Wednesday, March 2, 2011

A Simple Scheme for Book Classification Using Wikipedia, by Andromeda Yelton

Editor’s note: This article is the winner of the LITA/Ex Libris Student Writing Award, 2010.

Because the rate at which documents are being generated outstrips librarians’ ability to catalog them, an accurate, automated scheme of subject classification is desirable. However, simplistic word-counting schemes miss many important concepts; librarians must enrich algorithms with background knowledge to escape basic problems such as polysemy and synonymy. I have developed a script that uses Wikipedia as context for analyzing the subjects of nonfiction books. Though a simple method built quickly from freely available parts, it is partially successful, suggesting the promise of such an approach for future research.

4 comments:

Michael Doran said...

Based on the title & abstract, this article looked interesting. If, in six months, when the non-LITA-member embargo expires and I can actually read the article, maybe I'll remember to come back and do that.

Andy said...

Michael,

I don't believe you'll have to wait six months. UTA subscribes to several full-text databases that include ITAL. EBSCOhost already has the March 2011 issue online.

Michael Doran said...

Andy,

Per your suggestion I was able to get this article via our Library's EBSCOhost subscription. I appreciate your help on that.

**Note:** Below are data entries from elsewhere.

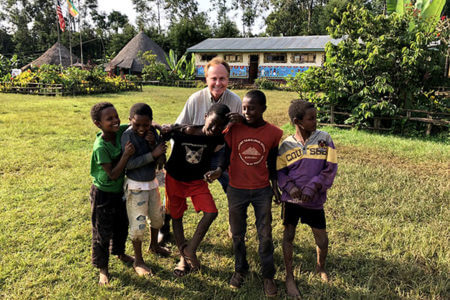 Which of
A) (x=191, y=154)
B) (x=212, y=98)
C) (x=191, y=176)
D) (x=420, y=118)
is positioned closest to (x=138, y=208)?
(x=191, y=176)

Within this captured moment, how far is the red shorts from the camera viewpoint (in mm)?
2922

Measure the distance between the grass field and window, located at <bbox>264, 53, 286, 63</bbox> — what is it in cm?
2396

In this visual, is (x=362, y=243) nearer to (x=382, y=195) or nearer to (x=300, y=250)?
(x=300, y=250)

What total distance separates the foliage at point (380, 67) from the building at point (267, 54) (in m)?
17.4

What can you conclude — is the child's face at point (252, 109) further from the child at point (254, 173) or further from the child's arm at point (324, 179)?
the child's arm at point (324, 179)

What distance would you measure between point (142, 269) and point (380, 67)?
8895 mm

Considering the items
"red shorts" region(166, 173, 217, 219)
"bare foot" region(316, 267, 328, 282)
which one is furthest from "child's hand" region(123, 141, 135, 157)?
"bare foot" region(316, 267, 328, 282)

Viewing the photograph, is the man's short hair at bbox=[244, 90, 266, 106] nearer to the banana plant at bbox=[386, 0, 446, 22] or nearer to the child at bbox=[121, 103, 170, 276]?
the child at bbox=[121, 103, 170, 276]

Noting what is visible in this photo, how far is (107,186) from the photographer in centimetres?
271

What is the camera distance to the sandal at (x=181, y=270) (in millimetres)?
2920

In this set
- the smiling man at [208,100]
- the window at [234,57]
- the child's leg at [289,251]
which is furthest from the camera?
the window at [234,57]

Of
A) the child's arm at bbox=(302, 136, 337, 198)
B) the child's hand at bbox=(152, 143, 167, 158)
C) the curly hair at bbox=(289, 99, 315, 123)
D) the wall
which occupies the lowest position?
the child's arm at bbox=(302, 136, 337, 198)

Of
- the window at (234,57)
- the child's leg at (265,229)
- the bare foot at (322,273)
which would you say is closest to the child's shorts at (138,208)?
the child's leg at (265,229)

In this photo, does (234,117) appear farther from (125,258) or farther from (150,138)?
(125,258) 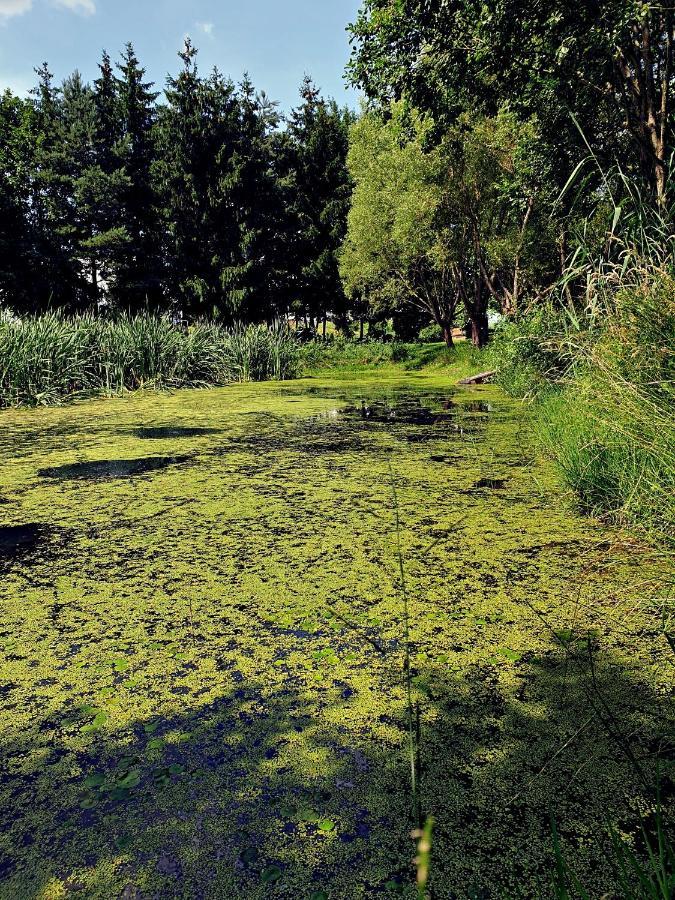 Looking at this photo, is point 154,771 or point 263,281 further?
point 263,281

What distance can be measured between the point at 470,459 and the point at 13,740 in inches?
116

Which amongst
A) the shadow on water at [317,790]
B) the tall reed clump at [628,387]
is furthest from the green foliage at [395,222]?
the shadow on water at [317,790]

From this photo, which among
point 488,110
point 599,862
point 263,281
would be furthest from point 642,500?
point 263,281

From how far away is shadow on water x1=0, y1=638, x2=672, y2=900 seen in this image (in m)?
0.90

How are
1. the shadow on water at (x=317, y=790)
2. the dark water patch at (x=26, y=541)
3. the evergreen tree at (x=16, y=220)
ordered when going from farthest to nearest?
the evergreen tree at (x=16, y=220) < the dark water patch at (x=26, y=541) < the shadow on water at (x=317, y=790)

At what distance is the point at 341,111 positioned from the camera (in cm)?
2295

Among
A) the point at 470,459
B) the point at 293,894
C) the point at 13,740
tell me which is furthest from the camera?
the point at 470,459

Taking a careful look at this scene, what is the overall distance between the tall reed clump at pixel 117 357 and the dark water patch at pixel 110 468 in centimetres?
372

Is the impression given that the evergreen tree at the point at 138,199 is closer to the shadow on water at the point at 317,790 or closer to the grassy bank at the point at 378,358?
the grassy bank at the point at 378,358

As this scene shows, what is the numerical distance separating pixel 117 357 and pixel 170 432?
3.55m

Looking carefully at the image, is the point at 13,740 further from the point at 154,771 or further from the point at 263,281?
the point at 263,281

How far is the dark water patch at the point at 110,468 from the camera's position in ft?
11.7

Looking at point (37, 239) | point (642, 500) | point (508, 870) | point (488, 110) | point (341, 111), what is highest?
point (341, 111)

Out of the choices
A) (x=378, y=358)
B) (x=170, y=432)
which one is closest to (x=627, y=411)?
(x=170, y=432) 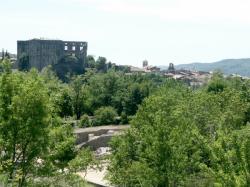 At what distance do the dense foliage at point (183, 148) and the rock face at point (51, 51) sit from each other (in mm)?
111350

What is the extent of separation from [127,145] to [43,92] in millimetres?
13372

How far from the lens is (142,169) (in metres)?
23.0

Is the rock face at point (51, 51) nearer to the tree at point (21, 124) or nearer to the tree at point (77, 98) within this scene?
the tree at point (77, 98)

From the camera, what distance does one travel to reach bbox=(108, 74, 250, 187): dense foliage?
625 inches

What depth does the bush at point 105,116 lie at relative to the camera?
5979 cm

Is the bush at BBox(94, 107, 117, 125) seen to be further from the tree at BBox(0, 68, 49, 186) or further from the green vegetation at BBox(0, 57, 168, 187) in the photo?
the tree at BBox(0, 68, 49, 186)

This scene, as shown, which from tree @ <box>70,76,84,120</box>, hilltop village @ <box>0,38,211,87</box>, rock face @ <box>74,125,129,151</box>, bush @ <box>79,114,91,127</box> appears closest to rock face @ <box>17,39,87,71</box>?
hilltop village @ <box>0,38,211,87</box>

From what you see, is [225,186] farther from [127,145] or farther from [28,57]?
[28,57]

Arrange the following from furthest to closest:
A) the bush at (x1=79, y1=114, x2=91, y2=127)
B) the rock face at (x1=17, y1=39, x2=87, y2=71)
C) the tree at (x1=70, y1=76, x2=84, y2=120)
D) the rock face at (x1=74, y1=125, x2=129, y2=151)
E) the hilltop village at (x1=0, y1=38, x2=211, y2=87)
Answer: the rock face at (x1=17, y1=39, x2=87, y2=71), the hilltop village at (x1=0, y1=38, x2=211, y2=87), the tree at (x1=70, y1=76, x2=84, y2=120), the bush at (x1=79, y1=114, x2=91, y2=127), the rock face at (x1=74, y1=125, x2=129, y2=151)

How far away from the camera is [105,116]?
197 ft

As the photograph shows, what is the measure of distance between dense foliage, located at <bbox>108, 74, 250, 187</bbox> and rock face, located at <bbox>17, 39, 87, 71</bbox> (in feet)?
365

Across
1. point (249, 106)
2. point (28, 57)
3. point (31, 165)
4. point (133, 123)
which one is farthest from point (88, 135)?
point (28, 57)

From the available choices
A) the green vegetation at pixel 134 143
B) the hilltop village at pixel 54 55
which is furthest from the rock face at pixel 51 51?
the green vegetation at pixel 134 143

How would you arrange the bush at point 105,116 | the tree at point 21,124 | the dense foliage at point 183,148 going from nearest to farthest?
the tree at point 21,124 < the dense foliage at point 183,148 < the bush at point 105,116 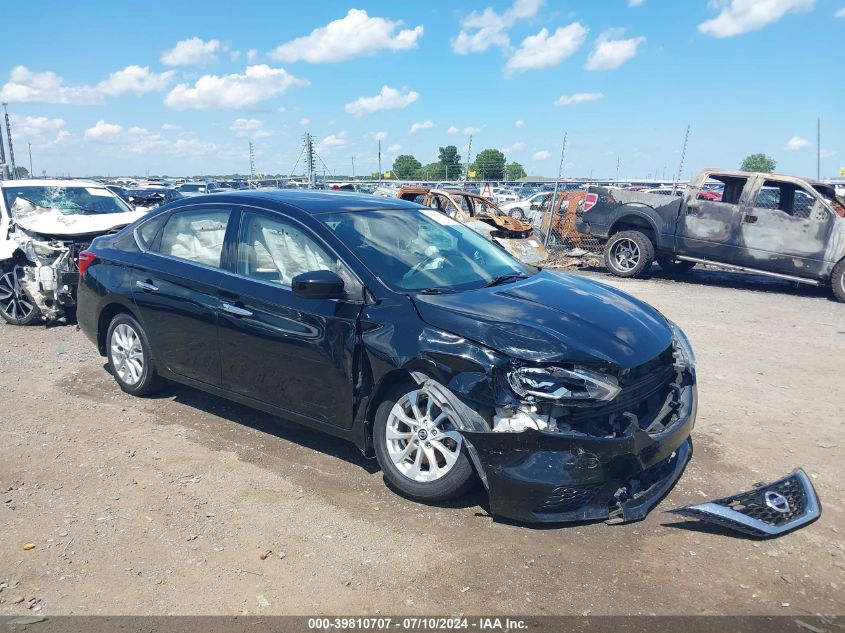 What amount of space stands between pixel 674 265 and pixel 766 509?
10545 mm

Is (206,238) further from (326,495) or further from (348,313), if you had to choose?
(326,495)

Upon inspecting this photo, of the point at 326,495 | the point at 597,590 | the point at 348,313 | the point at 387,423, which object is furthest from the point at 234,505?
the point at 597,590

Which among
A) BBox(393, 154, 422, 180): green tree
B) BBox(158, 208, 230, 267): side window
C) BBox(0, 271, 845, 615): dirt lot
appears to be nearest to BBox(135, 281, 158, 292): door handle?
BBox(158, 208, 230, 267): side window

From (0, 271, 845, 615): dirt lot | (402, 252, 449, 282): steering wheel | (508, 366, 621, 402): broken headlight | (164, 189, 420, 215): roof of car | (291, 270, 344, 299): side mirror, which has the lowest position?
(0, 271, 845, 615): dirt lot

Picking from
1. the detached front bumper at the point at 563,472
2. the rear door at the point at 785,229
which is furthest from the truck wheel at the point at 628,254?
the detached front bumper at the point at 563,472

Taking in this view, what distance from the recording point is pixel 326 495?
385 cm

However, I believe the points I raised on the list are still valid -- what purpose does it serve to put barriers in the way of the people whom LITA (presumably) wants to read the content?

Andromeda Yelton said...

@Michael: ITAL also allows authors to self-archive, so you can see a (post-editing, pre-formatting) version on my web site: http://www.andromedayelton.com/wp/resume/ , in the publications section. Thank you for your interest.